29. Januar 2012
Radio Free Asia, www.rfa.org

Chinesische Behörden unterwerfen ganz Tibet einer rigiden Militärkontrolle

Die Behörden in Peking haben auf die Demonstrationen mit tödlichen Folgen in der vergangenen Woche den Sicherheitsapparat in allen tibetischen Gebieten von Lhasa bis zu Amdo und Kham drastisch verstärkt.

Während die Tibeter den Tod der von den Sicherheitskräften erschossenen Demonstranten in den Präfekturen Kardze und Ngaba betrauerten, griffen die Behörden allerorten gegen die Aktivitäten der Tibeter rigoros durch.

Norpa Yonten, der in Drango getötet wurde

„Die Präsenz der Sicherheitskräfte in Serthar (chin. Seda) ist überwältigend. Die ganze Gegend ist von chinesischer Polizei und bewaffneten Kräften umstellt, und die Tibeter dürfen sich nicht mehr frei bewegen“, verlautet aus einer dortigen Quelle.

„Der Körper eines der in Serthar Erschossenen ist nicht, wie es sonst üblich ist, einem tibetischen Kloster überlassen worden, nicht einmal dem bedeutsamen Buddhistischen Institut von Serthar, statt dessen brachten die Behörden ihn nach Chengdu und verbrannten ihn dort“.

Serthar ist einer der drei Bezirke in der Provinz Sichuan, wo die Tibeter in der vergangenen Woche gegen die chinesische Herrschaft protestierten und wo bis zu sechs Personen getötet und 60 verletzt worden sein könnten. Die anderen Bezirke waren Drango (chin. Luhuo) und Dzamthang (chin. Rantang). Offizielle chinesische Medien berichten von nur zwei tibetischen Todesopfern, die eine Folge des Angriffs der „Randalierer“ seien.

„Die Kommandozentrale in Chengdu verlegte zusätzliche Truppen, die aus dem Militärlagern Deyang und Mianyang kommen, in die Gegend.“ Die Telefonverbindungen in den Protestgebieten sind größtenteils gesperrt worden.
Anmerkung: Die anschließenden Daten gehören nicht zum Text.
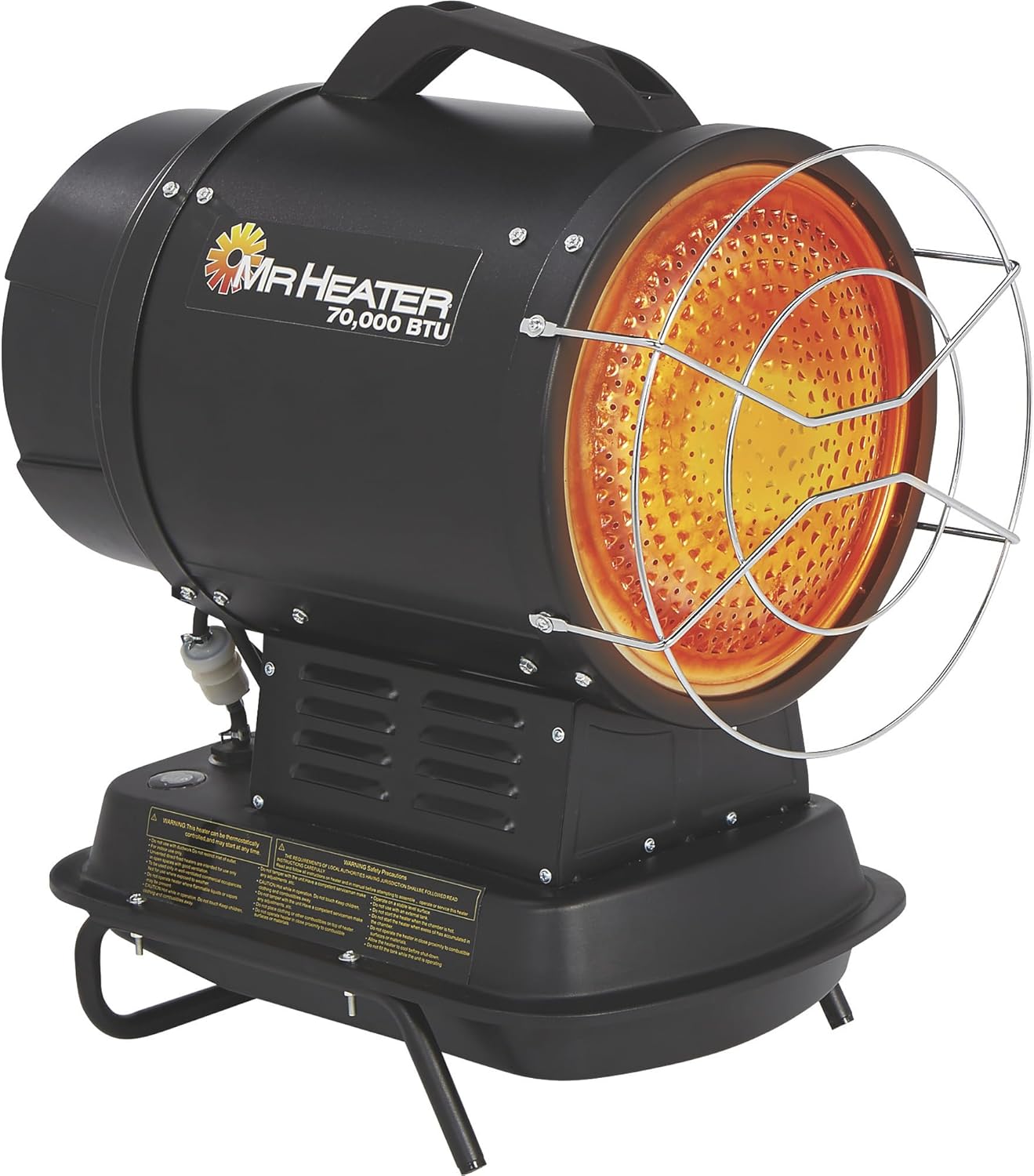 Mr. Heater 70,000 BTU Portable Kerosene Radiant Heater - Quiet Burner for Efficient Heating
Die Gegend um Dzamthang befindet sich auch im Belagerungszustand. Kalsang, ein Mitglied des tibetischen Parlaments-im-Exil, sagte am Freitag, Serthar, Kardze und Drango seien strengsten Kontrollen unterworfen worden. Die Kommunistische Partei entsandte bereits „Arbeitsgruppen“ in jedes Dorf und jedes Kloster der Präfekturen Kardze und Ngaba.
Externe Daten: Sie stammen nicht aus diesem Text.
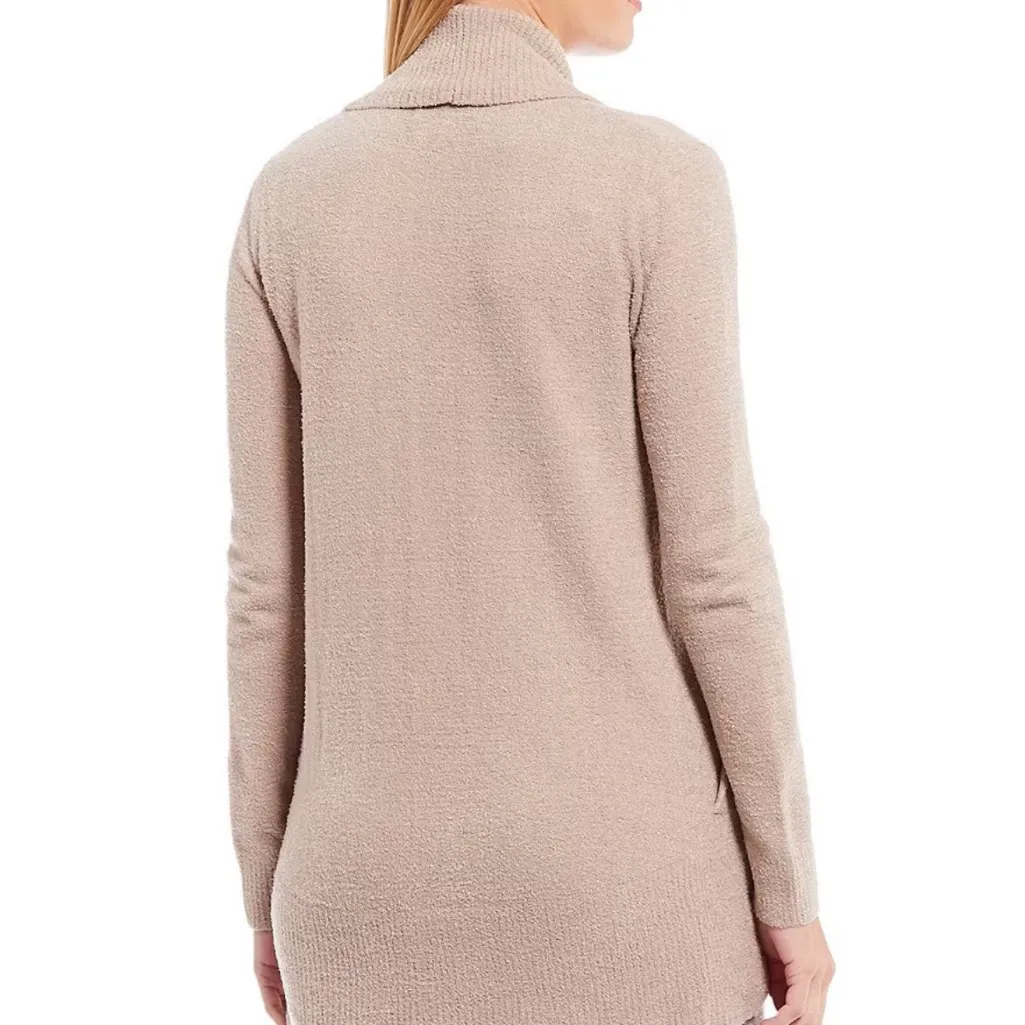 Barefoot Dreams Cozy Chic Lite Smoky Pink circle Cardigan medium - Image 2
Auch die Einwohner von Lhasa berichteten, die Lage in der Hauptstadt sei angespannt, mit Sicherheitskräften in der ganzen Stadt, die von Haus zu Haus gehen, und alles durchsuchen. Bezüglich der Barkhor Straße, die um den Jokhang Tempel verläuft, sagte ein Einwohner: „Es ist dermaßen schrecklich. Ich wage gar nicht mehr, mich wie sonst umzublicken, ich wage nicht, mich frei zu bewegen. Bewaffnetes Personal ist überall, Polizei steht an jeder Ecke“.

Eine Familie beschrieb, wie ihre Häuser völlig grundlos durchsucht wurden. „Die Sicherheitskräfte verlangten die Namen aller Familienmitglieder, und wollten wissen, wo diese sich gerade aufhielten. Sie machten deutlich, daß sie genau wüßten, daß Verwandte der Familie in Ausland lebten und daß die Familie öfters mit diesen telefoniere“. Sie wiesen sie darauf hin, daß sie bei den Telefongesprächen nicht von Politik reden dürften“.

„Die chinesischen Behörden greifen zur Einschüchterung und Überwachung gewöhnlicher Tibeter, damit sie in ständiger Furcht leben und nichts preisgeben“, kommtentierte Stephanie Brigden, von Free Tibet.

Penpa Tsering, der Sprecher des Exilparlaments, sagte am Sonntag. „Wir rufen die Regierungen in der ganzen Welt auf, nicht nur ihre Sorge auszudrücken, sondern zu intervenieren, um die derzeitige gefährliche Lage in Tibet zu deeskalieren und eine dauerhafte Lösung für die Tibetfrage auf dem Wege von Verhandlungen herbeizuführen“.

Wir schicken ebenfalls einen offenen Brief über die kritische Situation in Tibet an den chinesischen Präsidenten Hu Jintao, und bitten ihn, sich um eine dauerhafte Lösung für die Tibet-Frage zu bemühen.

Die die tibetische Regierung-im-Exil, oder die Zentraltibetische Verwaltung, rief für den 8. Februar zu „globalen Solidaritäts-Mahnwachen“ auf, um die gegenwärtige Krise ins Bewußtsein der Allgemeinheit zu rücken.